Problem details: Exactly what is written in the records below should be returned, minus the images.

⟨

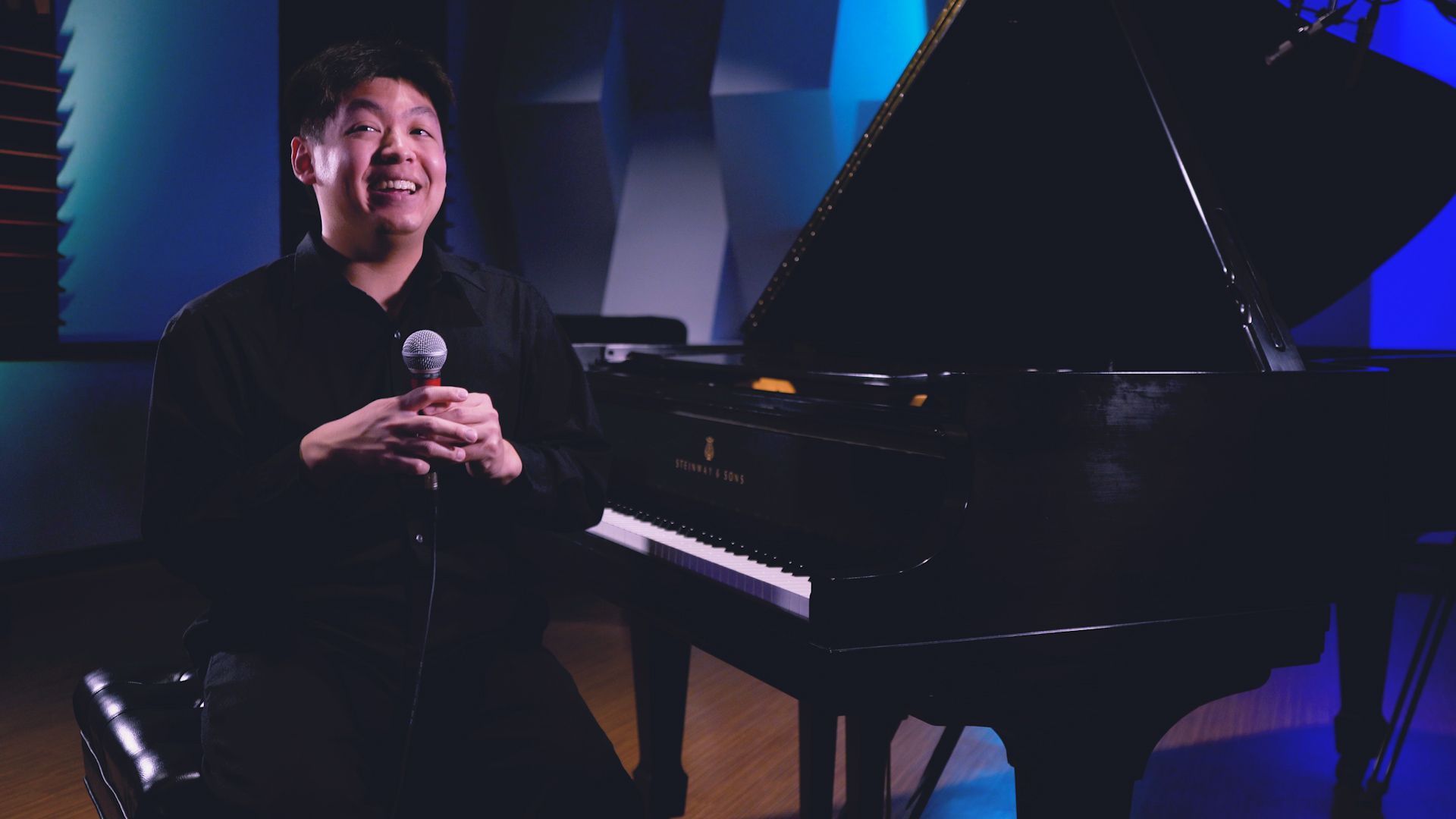 A man is sitting in front of a piano holding a microphone.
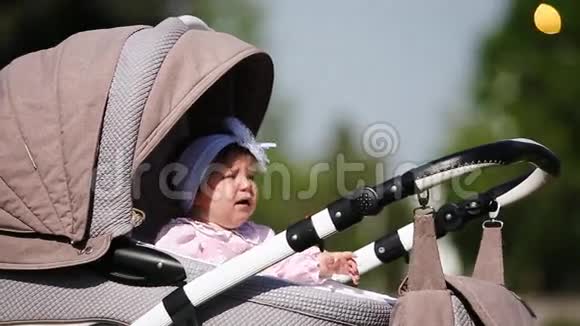 在阳光明媚的日子里哭泣的女婴坐在公园里的婴儿车厢里视频的预览图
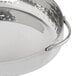 An American Metalcraft stainless steel skillet with a hammered texture and handles.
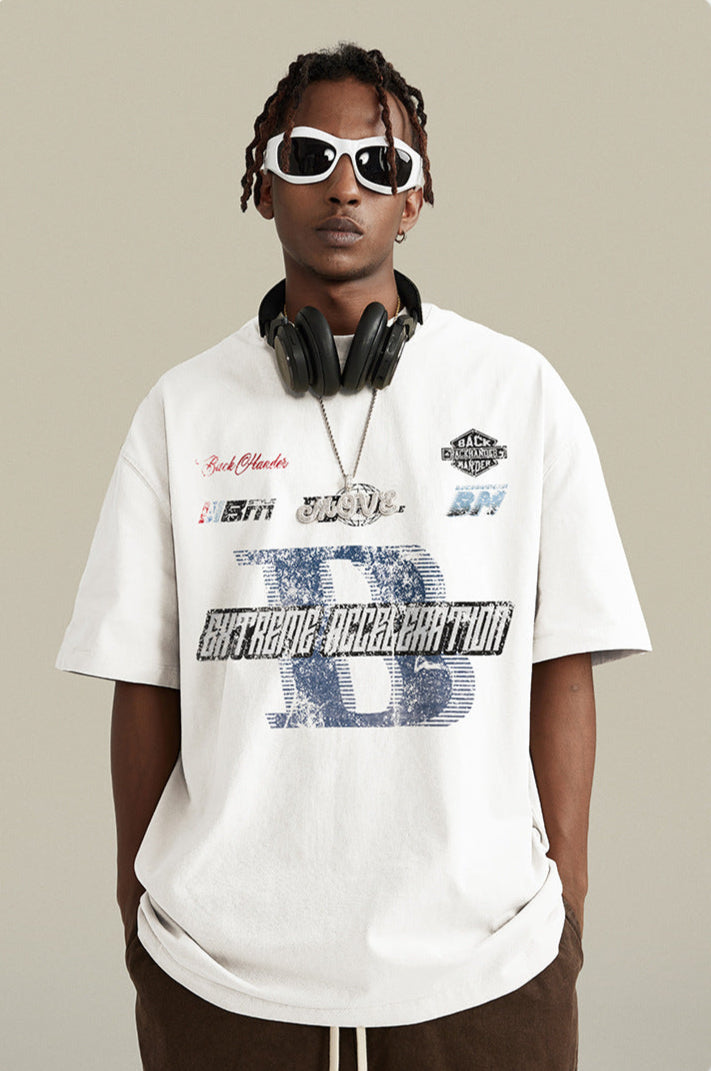 A model wearing white oversized t-shirt with street graphics, white-framed sunglasses and black headphones around neck against neutral backdrop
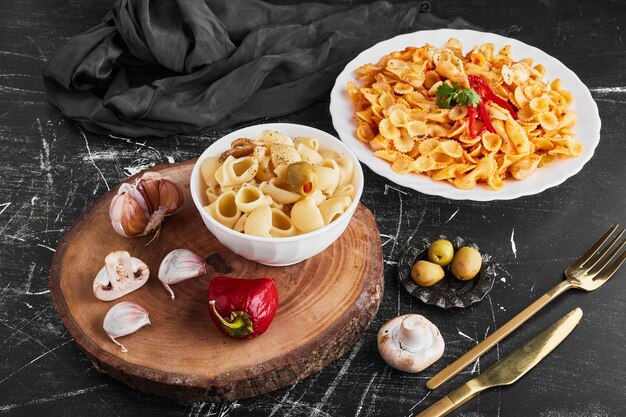 Spaghetti met kruiden en groenten in een witte plaat en pasta in een kopje.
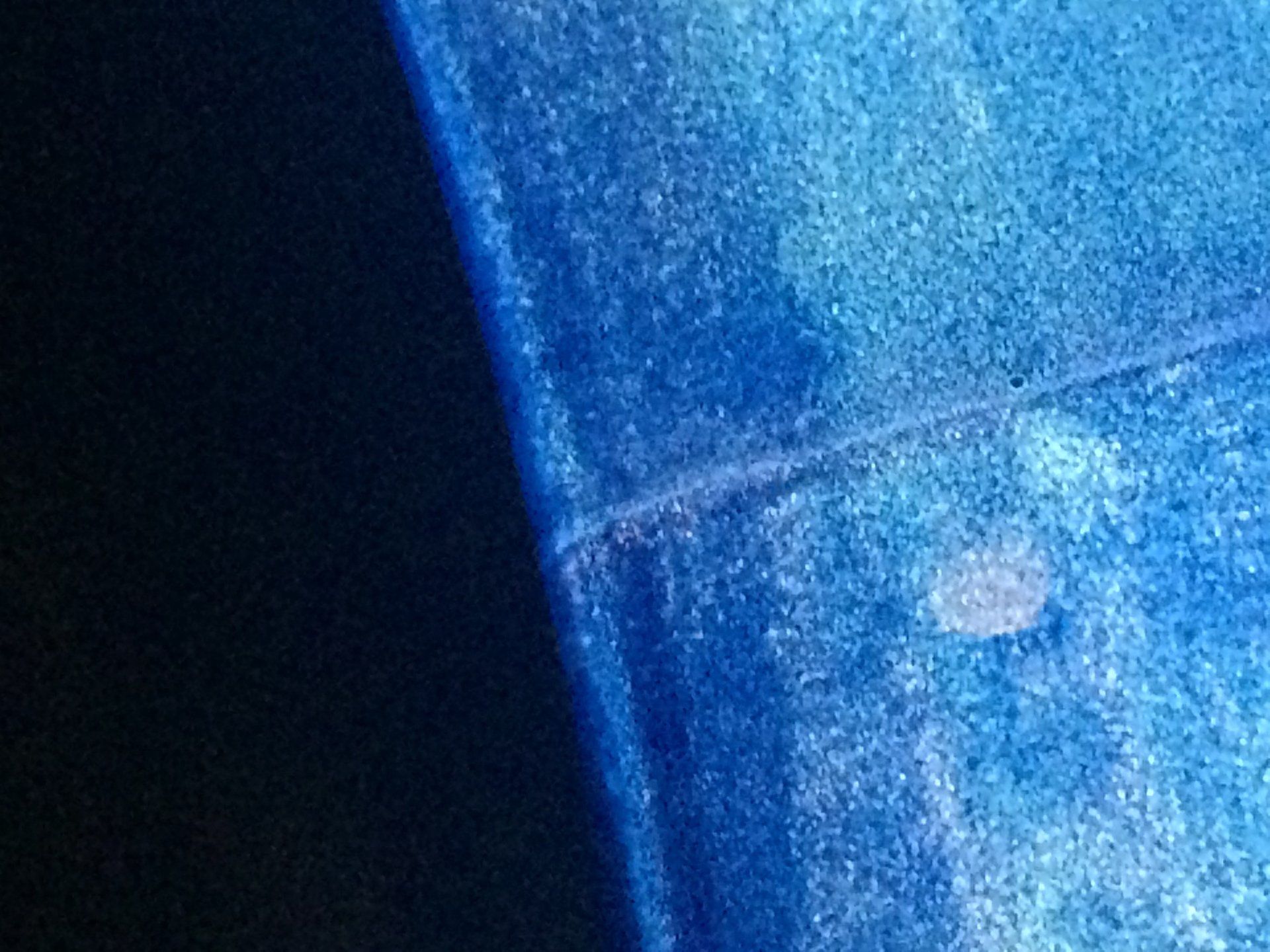 Un primo piano di una superficie blu con uno sfondo nero.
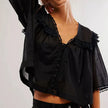 FJØRNA women's cotton blouse with ruffle detail, featuring a stylish and comfortable top for women.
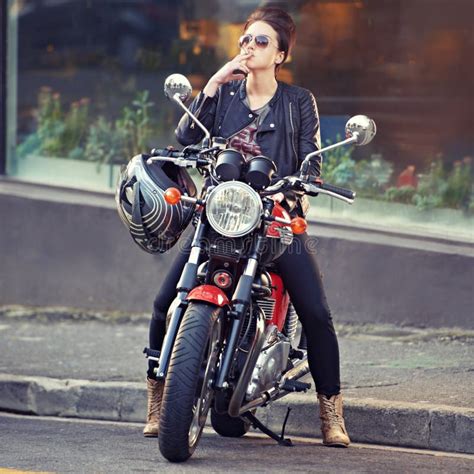 Stylish Ride A Young Female Biker Smoking A Cigarette Stock Image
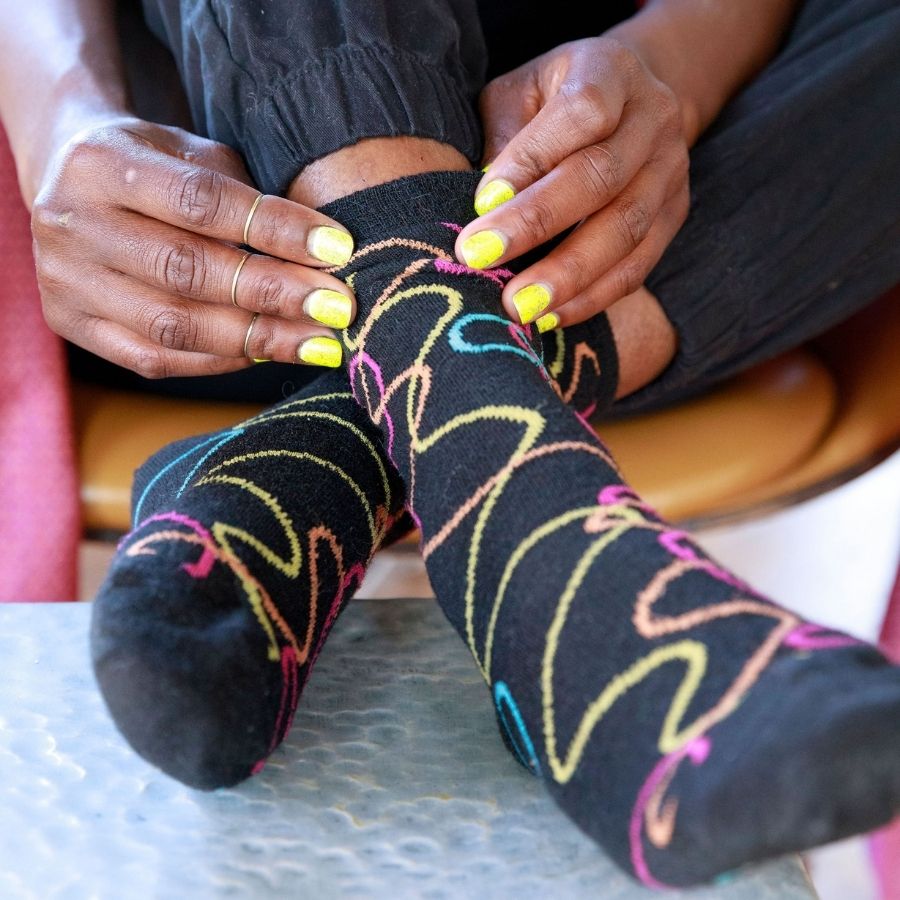A close up photo of a pair of hands with painted yellow nails pulling up a pair of the Alpacas of Montana colorful yellow, orange, pink, and blue squiggle pattern black casual lounge fashion comfortable soft cozy everyday moisture wicking alpaca wool Night Life socks.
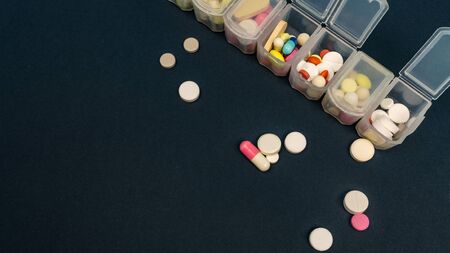 plastic organizer for tablets. tablets are red, white, round. close-up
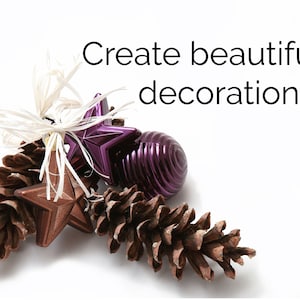 May include: Create beautiful decorations. A close-up of a brown pine cone, a purple star ornament, a brown star ornament, and a purple round ornament.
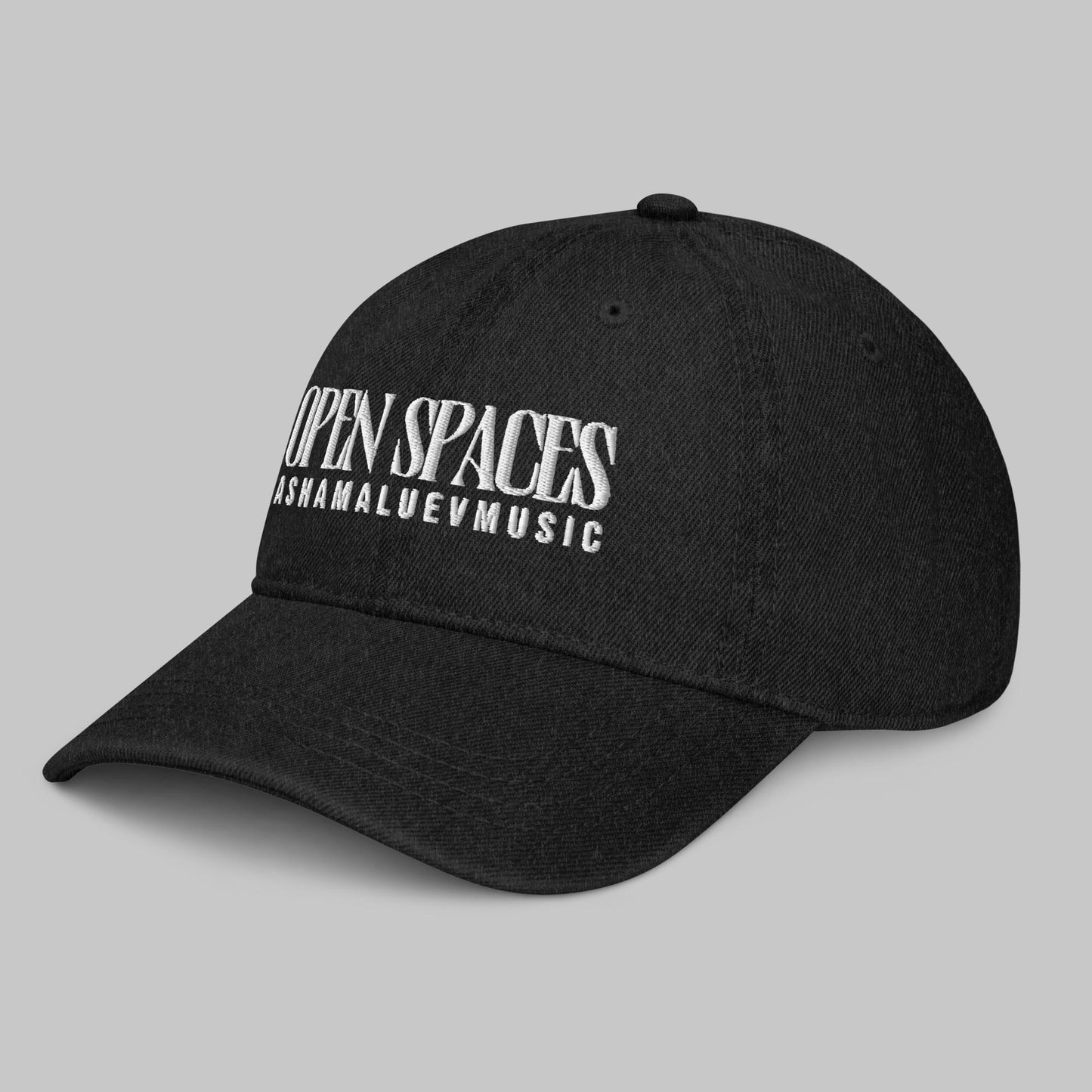 Black denim cap with white text 'Open Spaces' and 'AShamaluevMusic' on a gray background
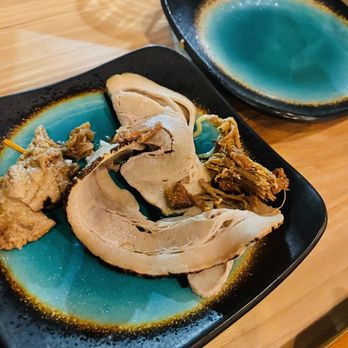 Speakeasy Miso - Boiled bacon. Not pork belly - Slices of boiled bacon are placed on a black and blue ceramic plate, with some pieces appearing tender and fatty. An empty matching plate is positioned behind the main plate. The setting is on a wooden table, suggesting a restaurant environment. The plates have a distinctive blue center with a black border, and the background includes a partially visible paper bag and a glass. - Ramen Near Me - TROY, Ohio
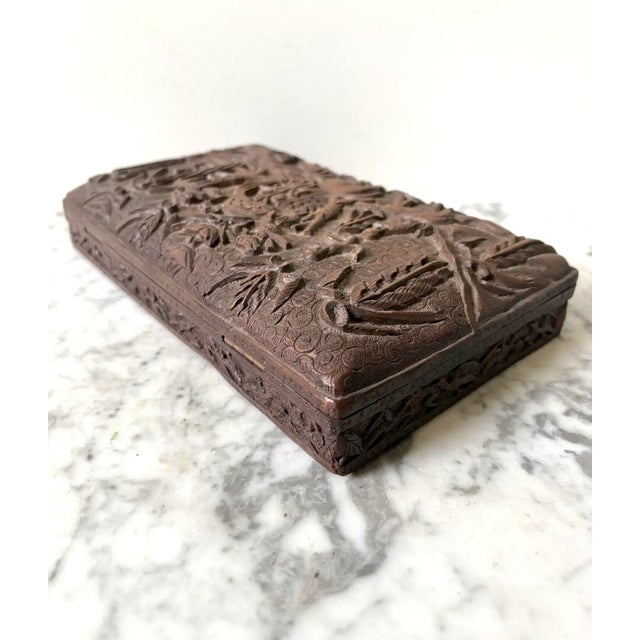 Stunning and far antique wood jewelry/trinket box. Possibly made in Africa. The box depicts various animals in a fauna...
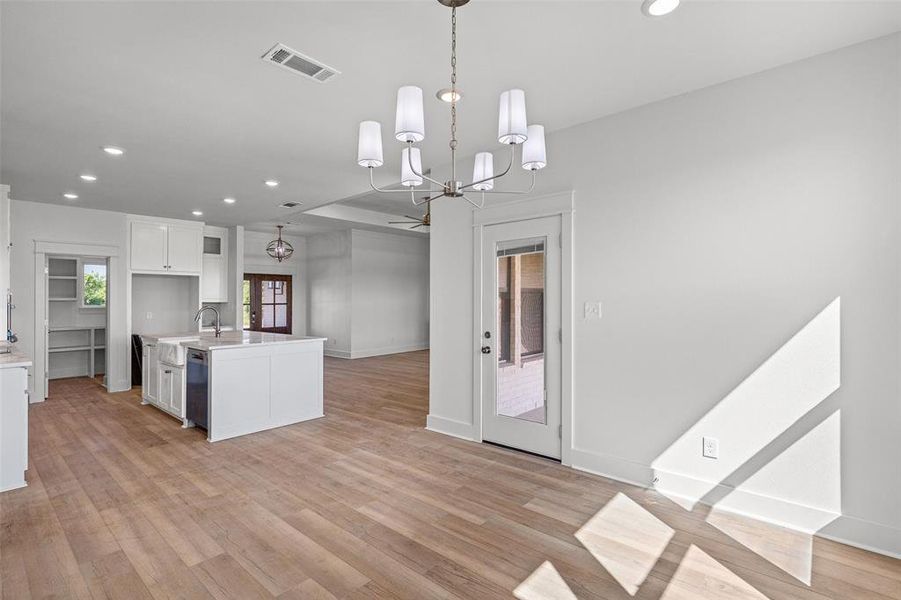 Open-concept living space featuring wood-finish flooring, a contemporary chandelier, a kitchen island with an integrated sink, white cabinetry, and a pantry with built-in shelving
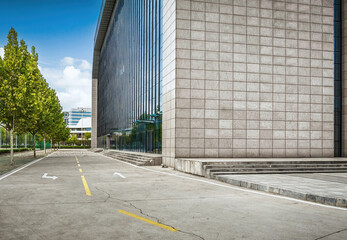 Sleek Glass Building Exterior with Reflective Windows and Trees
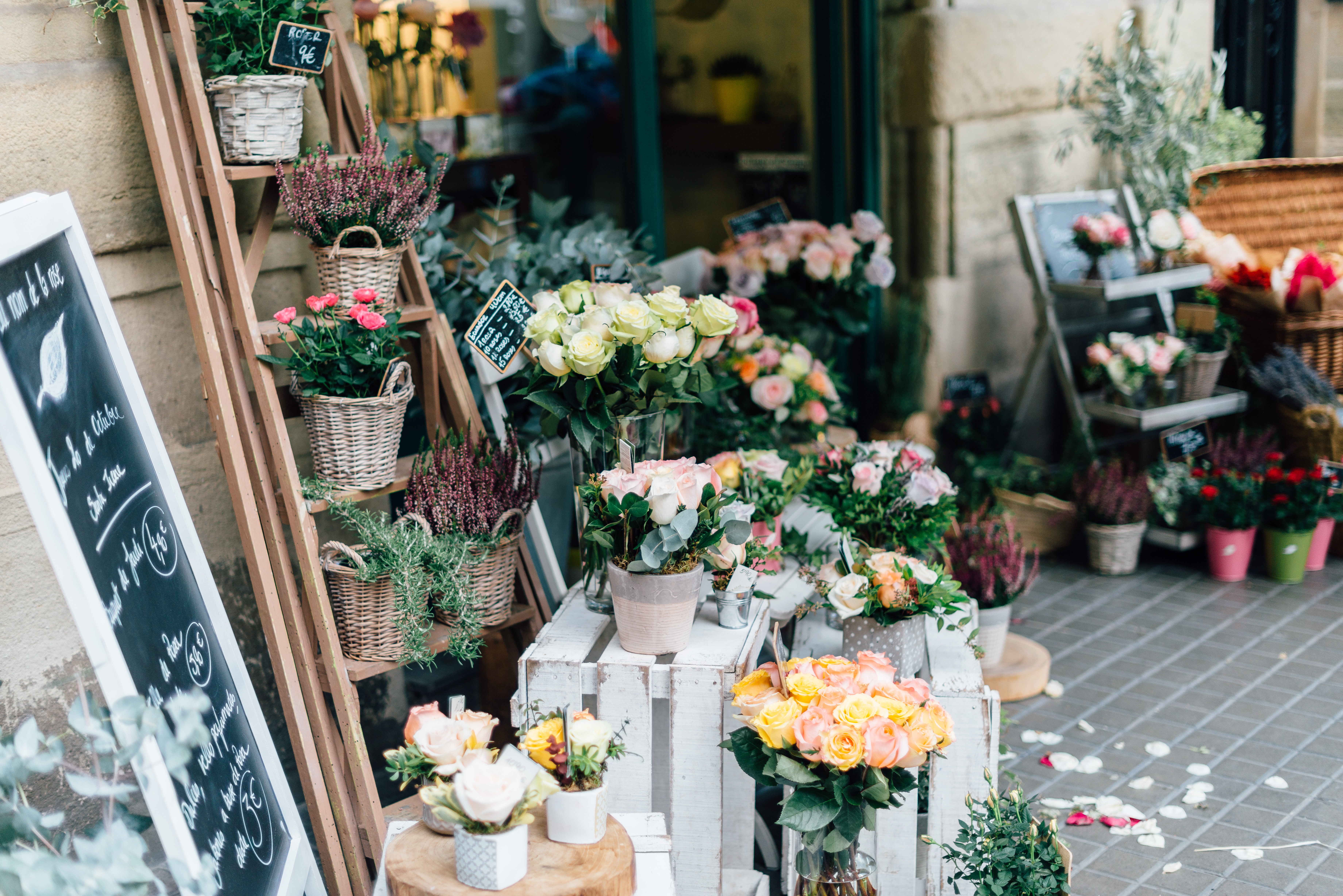 Local florist’s storefront adorned with colorful flower arrangements and decorative chalkboard signage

⟩

Reply to the task:
 A man is sitting in front of a piano holding a microphone.
 在阳光明媚的日子里哭泣的女婴坐在公园里的婴儿车厢里视频的预览图
 An American Metalcraft stainless steel skillet with a hammered texture and handles.
 A model wearing white oversized t-shirt with street graphics, white-framed sunglasses and black headphones around neck against neutral backdrop
 Spaghetti met kruiden en groenten in een witte plaat en pasta in een kopje.
 Un primo piano di una superficie blu con uno sfondo nero.
 FJØRNA women's cotton blouse with ruffle detail, featuring a stylish and comfortable top for women.
 Stylish Ride A Young Female Biker Smoking A Cigarette Stock Image
A close up photo of a pair of hands with painted yellow nails pulling up a pair of the Alpacas of Montana colorful yellow, orange, pink, and blue squiggle pattern black casual lounge fashion comfortable soft cozy everyday moisture wicking alpaca wool Night Life socks.
 plastic organizer for tablets. tablets are red, white, round. close-up
 May include: Create beautiful decorations. A close-up of a brown pine cone, a purple star ornament, a brown star ornament, and a purple round ornament.
 Black denim cap with white text 'Open Spaces' and 'AShamaluevMusic' on a gray background
 Speakeasy Miso - Boiled bacon. Not pork belly - Slices of boiled bacon are placed on a black and blue ceramic plate, with some pieces appearing tender and fatty. An empty matching plate is positioned behind the main plate. The setting is on a wooden table, suggesting a restaurant environment. The plates have a distinctive blue center with a black border, and the background includes a partially visible paper bag and a glass. - Ramen Near Me - TROY, Ohio
 Stunning and far antique wood jewelry/trinket box. Possibly made in Africa. The box depicts various animals in a fauna...
 Open-concept living space featuring wood-finish flooring, a contemporary chandelier, a kitchen island with an integrated sink, white cabinetry, and a pantry with built-in shelving
 Sleek Glass Building Exterior with Reflective Windows and Trees
 Local florist’s storefront adorned with colorful flower arrangements and decorative chalkboard signage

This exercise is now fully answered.